- **THE TASK**
Would you transcribe the whole listing exactly, minus its pictures?

- **INFORMATION PROVIDED**
****************

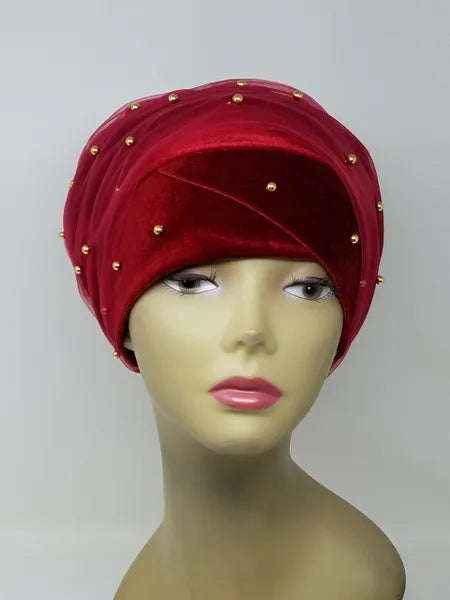 Elegant red velvet turban wrap with pearl bead embellishments styled on mannequin head, modest fashion velvet headwrap for women, soft pre wrapped hijab alternative for special occasions.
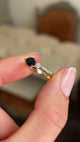 Video of a gold vintage 1960s three-stone ring, set with a midnight blue sapphire flanked by two diamonds, held between two fingers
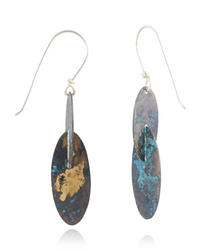 Pair of earrings with blue and gold speckled design on a white background
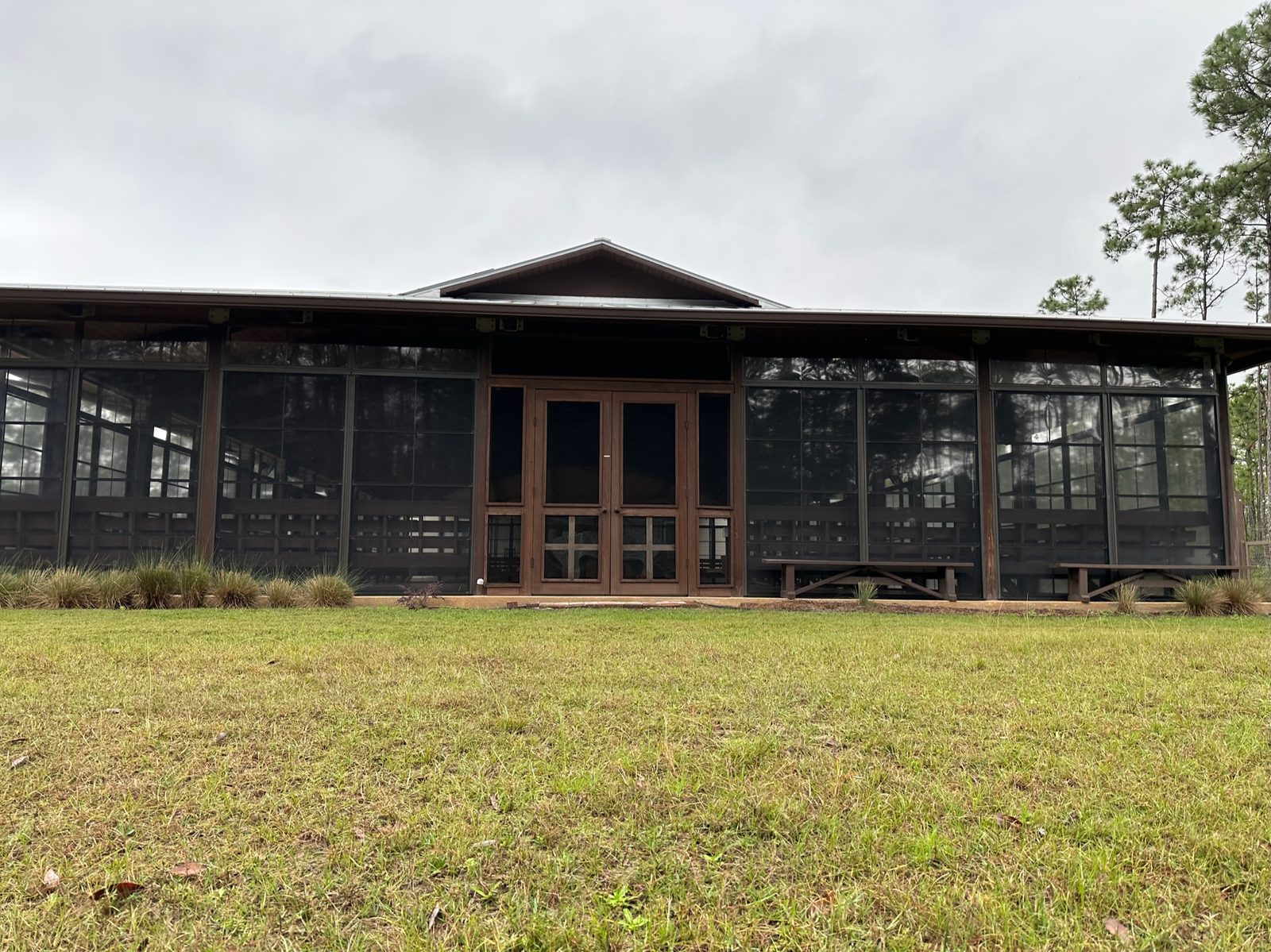 Point Preserve pavilion seen from the lawn, framed by longleaf pines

****************

- **EXPECTED ANSWER**
 Elegant red velvet turban wrap with pearl bead embellishments styled on mannequin head, modest fashion velvet headwrap for women, soft pre wrapped hijab alternative for special occasions.
 Video of a gold vintage 1960s three-stone ring, set with a midnight blue sapphire flanked by two diamonds, held between two fingers
 Pair of earrings with blue and gold speckled design on a white background
 Point Preserve pavilion seen from the lawn, framed by longleaf pines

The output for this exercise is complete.